Otherside of the Curtain
If is still exists anywhere then the border between North and South Korea could still be called an iron curtain. The Hermit Kingdom, as North Korea is often called, being one of the last remanants of that great communist experiment and a shining example of what went terribly wrong.
Truthfully I`m facinated by the place because it has all the “otherside” qualities that countries like Poland, Hungary and Russia held for me as a child of the 70s and 80s, before the Berlin Wall came down.
Poland, Hungary, Slovakia and the Czech Republic once names as dark and enigmatic as any are now fond memories: I like the food, the vodka, the girls and the mountains of all these countries. I even contemplated moving to Poland once. It is still one of my favourite nations on the planet.

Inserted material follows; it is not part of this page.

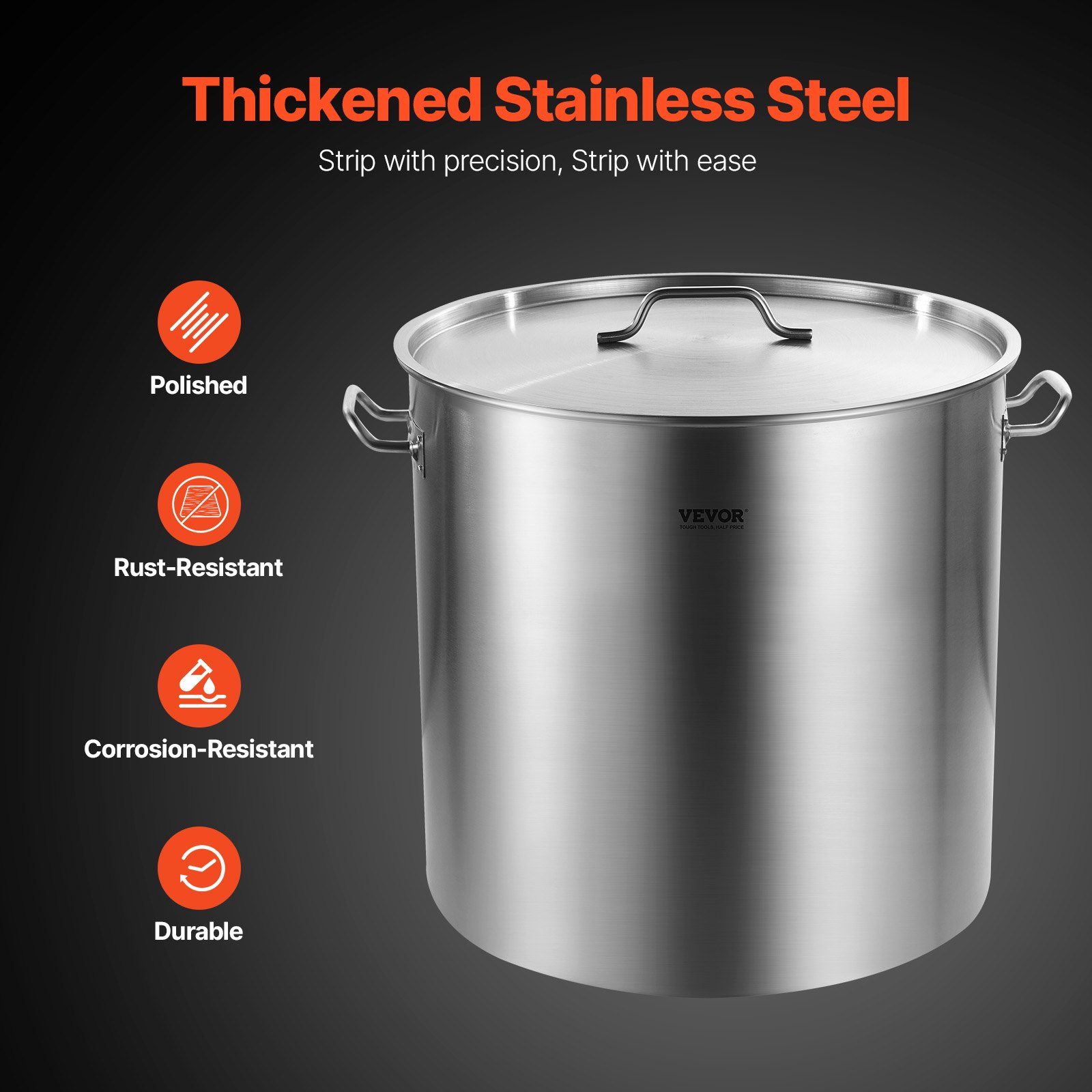 VEVOR Olla Grande de Acero Inoxidable 94,6 L, Olla para Salsa con Canasta, Tapa y Asa, Olla Comercial Resistente, Tratamiento de Lijado, para Eventos de Grupos Grandes, Color Plateado, 500 x 495 mm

Russia I haven`t been to but would like to go. Russia, for me at least, still seems to be swimming in the dark and cold of cold war memories. I know it will be different when I get there but Russia as a name hasn`t changed the impression it has on me like Russians have. I meet Russians almost everyday and they are just like me. Russia is still a name that breaths coldly down the back of my neck. I think i will take a while to realise I`m actually there when I go.
I have, however, already been to North Korea…technically. I say technically because the two metres across the border inside the United Nations buildings at Panmunjom village in the DMZ don`t really count. But it was exciting to think that on the otherside of the door at the back of the room we tourists crowded into was this mysterious country of nightmarish poverty and excess; cruelty and colour. The US and South Korean soldiers that were showing us around made it abundantly clear though that if anyone of us attempted to get a bit closer to that door they would shoot us and in the unlikely event they missed the North Korean soldiers on the otherside wouldn`t. A humbling place definately.
I would love to go there for real oneday.
My wife would have kittens if I told her my ambitions because the Japanese are scared to death of Kim Jong Il. But there it is; oneday, when I have enough time and money, I will go.